>>>
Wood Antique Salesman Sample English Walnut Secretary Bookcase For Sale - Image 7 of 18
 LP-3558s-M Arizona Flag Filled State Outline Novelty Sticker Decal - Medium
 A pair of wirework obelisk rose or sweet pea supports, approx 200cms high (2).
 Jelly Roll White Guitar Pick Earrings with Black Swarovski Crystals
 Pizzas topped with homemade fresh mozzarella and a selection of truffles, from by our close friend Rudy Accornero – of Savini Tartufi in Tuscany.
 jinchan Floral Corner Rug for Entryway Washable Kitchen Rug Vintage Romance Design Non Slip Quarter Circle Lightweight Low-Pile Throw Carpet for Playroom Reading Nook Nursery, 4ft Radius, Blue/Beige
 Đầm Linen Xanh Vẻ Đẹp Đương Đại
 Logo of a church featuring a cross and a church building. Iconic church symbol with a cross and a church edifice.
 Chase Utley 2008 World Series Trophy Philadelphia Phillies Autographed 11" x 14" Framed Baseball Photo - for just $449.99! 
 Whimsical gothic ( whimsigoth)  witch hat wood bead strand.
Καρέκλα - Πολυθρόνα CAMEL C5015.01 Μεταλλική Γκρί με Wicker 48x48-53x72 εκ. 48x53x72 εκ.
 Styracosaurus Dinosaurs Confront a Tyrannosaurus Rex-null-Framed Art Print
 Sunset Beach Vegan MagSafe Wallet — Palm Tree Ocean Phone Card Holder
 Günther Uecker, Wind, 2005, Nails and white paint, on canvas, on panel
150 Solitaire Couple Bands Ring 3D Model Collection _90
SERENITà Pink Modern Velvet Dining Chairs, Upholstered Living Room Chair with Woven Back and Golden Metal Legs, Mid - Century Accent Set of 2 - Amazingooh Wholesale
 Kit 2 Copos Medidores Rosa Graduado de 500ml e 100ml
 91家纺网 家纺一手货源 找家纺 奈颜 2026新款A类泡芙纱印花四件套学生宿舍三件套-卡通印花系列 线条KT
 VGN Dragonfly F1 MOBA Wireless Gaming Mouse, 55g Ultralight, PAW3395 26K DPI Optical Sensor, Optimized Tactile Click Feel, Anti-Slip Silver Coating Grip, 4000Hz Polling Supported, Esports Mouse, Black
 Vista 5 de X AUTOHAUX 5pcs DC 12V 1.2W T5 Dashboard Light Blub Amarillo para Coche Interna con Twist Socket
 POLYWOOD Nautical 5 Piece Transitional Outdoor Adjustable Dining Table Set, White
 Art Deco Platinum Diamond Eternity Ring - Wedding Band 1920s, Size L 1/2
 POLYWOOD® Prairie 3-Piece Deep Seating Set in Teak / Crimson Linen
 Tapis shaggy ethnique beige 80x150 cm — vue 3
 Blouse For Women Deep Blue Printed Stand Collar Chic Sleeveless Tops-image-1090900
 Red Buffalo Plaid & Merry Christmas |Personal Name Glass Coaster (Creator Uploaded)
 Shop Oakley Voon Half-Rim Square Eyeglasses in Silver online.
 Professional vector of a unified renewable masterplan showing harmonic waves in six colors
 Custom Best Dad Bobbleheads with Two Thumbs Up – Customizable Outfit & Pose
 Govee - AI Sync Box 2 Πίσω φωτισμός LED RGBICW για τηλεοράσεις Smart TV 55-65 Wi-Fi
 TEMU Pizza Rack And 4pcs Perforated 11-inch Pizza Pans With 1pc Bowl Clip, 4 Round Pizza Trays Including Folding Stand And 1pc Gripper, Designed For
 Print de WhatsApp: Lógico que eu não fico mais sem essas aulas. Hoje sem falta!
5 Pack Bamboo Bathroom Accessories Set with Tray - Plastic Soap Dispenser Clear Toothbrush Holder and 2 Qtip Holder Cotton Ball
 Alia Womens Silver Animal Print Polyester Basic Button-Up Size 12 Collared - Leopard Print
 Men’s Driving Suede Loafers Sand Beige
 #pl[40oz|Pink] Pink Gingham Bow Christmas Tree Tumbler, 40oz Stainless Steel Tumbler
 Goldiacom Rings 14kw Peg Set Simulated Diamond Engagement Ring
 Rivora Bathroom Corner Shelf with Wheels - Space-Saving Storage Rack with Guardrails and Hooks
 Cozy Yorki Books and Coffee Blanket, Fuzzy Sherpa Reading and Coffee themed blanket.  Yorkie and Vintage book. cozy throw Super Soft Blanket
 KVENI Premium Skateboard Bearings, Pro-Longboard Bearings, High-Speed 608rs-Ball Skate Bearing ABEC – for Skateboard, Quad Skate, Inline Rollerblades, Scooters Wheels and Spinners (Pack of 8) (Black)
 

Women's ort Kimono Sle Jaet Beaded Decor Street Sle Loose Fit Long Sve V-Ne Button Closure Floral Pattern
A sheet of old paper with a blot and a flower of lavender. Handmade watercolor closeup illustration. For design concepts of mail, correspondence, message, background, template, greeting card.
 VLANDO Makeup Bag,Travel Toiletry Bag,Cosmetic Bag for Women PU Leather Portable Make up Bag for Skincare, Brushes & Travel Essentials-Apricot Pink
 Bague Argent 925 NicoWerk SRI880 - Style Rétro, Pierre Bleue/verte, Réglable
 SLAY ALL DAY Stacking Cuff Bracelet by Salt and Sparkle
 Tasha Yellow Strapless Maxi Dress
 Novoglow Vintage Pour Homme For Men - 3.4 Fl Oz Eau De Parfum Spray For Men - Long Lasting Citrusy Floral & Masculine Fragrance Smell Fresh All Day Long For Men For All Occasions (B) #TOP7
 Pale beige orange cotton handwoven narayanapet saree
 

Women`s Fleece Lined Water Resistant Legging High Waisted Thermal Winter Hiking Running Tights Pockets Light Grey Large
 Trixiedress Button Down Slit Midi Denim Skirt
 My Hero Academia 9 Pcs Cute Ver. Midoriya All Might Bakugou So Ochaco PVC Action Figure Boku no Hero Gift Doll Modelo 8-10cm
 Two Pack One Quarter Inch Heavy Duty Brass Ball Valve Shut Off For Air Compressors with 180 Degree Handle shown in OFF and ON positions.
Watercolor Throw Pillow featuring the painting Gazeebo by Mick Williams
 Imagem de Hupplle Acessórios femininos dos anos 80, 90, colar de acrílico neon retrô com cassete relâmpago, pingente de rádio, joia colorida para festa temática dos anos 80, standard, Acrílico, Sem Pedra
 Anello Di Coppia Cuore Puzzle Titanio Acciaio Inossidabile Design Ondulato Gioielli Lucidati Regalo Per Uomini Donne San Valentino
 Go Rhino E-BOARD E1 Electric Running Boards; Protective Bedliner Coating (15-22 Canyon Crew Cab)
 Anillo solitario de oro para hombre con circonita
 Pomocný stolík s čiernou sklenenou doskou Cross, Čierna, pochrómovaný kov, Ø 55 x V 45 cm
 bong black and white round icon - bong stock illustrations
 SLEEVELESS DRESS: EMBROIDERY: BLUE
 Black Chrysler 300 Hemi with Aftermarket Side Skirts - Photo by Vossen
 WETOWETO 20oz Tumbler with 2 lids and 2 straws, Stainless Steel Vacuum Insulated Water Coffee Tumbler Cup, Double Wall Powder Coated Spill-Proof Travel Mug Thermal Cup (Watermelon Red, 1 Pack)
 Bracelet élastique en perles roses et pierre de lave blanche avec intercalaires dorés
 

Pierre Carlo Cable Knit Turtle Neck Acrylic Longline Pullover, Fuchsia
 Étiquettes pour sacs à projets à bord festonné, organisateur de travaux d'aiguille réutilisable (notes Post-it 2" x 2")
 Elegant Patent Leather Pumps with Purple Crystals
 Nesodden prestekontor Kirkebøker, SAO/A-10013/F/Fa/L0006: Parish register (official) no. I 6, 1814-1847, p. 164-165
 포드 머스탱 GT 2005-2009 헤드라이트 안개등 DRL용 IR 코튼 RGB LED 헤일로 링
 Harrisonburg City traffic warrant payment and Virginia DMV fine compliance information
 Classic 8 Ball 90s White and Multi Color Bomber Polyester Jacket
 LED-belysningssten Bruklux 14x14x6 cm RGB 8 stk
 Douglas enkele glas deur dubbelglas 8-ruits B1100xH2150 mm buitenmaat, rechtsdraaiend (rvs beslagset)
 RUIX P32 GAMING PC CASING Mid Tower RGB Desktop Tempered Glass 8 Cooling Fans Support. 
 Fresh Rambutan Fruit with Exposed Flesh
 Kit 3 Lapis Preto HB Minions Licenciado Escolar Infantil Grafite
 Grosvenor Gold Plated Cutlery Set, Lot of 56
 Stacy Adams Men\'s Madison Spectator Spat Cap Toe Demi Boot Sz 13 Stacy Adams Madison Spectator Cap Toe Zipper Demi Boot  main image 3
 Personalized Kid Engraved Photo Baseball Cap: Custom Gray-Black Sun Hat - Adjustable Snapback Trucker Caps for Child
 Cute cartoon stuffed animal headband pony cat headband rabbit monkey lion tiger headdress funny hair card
<<<
Task directions:
The entries above hold a line with "POLYWOOD® Prairie 3-Piece" and a later line with "Tasha Yellow Strapless Maxi Dress". Write out exactly those lines and all lines between, nothing more.

Reply to the task:
 POLYWOOD® Prairie 3-Piece Deep Seating Set in Teak / Crimson Linen
 Tapis shaggy ethnique beige 80x150 cm — vue 3
 Blouse For Women Deep Blue Printed Stand Collar Chic Sleeveless Tops-image-1090900
 Red Buffalo Plaid & Merry Christmas |Personal Name Glass Coaster (Creator Uploaded)
 Shop Oakley Voon Half-Rim Square Eyeglasses in Silver online.
 Professional vector of a unified renewable masterplan showing harmonic waves in six colors
 Custom Best Dad Bobbleheads with Two Thumbs Up – Customizable Outfit & Pose
 Govee - AI Sync Box 2 Πίσω φωτισμός LED RGBICW για τηλεοράσεις Smart TV 55-65 Wi-Fi
 TEMU Pizza Rack And 4pcs Perforated 11-inch Pizza Pans With 1pc Bowl Clip, 4 Round Pizza Trays Including Folding Stand And 1pc Gripper, Designed For
 Print de WhatsApp: Lógico que eu não fico mais sem essas aulas. Hoje sem falta!
5 Pack Bamboo Bathroom Accessories Set with Tray - Plastic Soap Dispenser Clear Toothbrush Holder and 2 Qtip Holder Cotton Ball
 Alia Womens Silver Animal Print Polyester Basic Button-Up Size 12 Collared - Leopard Print
 Men’s Driving Suede Loafers Sand Beige
 #pl[40oz|Pink] Pink Gingham Bow Christmas Tree Tumbler, 40oz Stainless Steel Tumbler
 Goldiacom Rings 14kw Peg Set Simulated Diamond Engagement Ring
 Rivora Bathroom Corner Shelf with Wheels - Space-Saving Storage Rack with Guardrails and Hooks
 Cozy Yorki Books and Coffee Blanket, Fuzzy Sherpa Reading and Coffee themed blanket.  Yorkie and Vintage book. cozy throw Super Soft Blanket
 KVENI Premium Skateboard Bearings, Pro-Longboard Bearings, High-Speed 608rs-Ball Skate Bearing ABEC – for Skateboard, Quad Skate, Inline Rollerblades, Scooters Wheels and Spinners (Pack of 8) (Black)
 

Women's ort Kimono Sle Jaet Beaded Decor Street Sle Loose Fit Long Sve V-Ne Button Closure Floral Pattern
A sheet of old paper with a blot and a flower of lavender. Handmade watercolor closeup illustration. For design concepts of mail, correspondence, message, background, template, greeting card.
 VLANDO Makeup Bag,Travel Toiletry Bag,Cosmetic Bag for Women PU Leather Portable Make up Bag for Skincare, Brushes & Travel Essentials-Apricot Pink
 Bague Argent 925 NicoWerk SRI880 - Style Rétro, Pierre Bleue/verte, Réglable
 SLAY ALL DAY Stacking Cuff Bracelet by Salt and Sparkle
 Tasha Yellow Strapless Maxi Dress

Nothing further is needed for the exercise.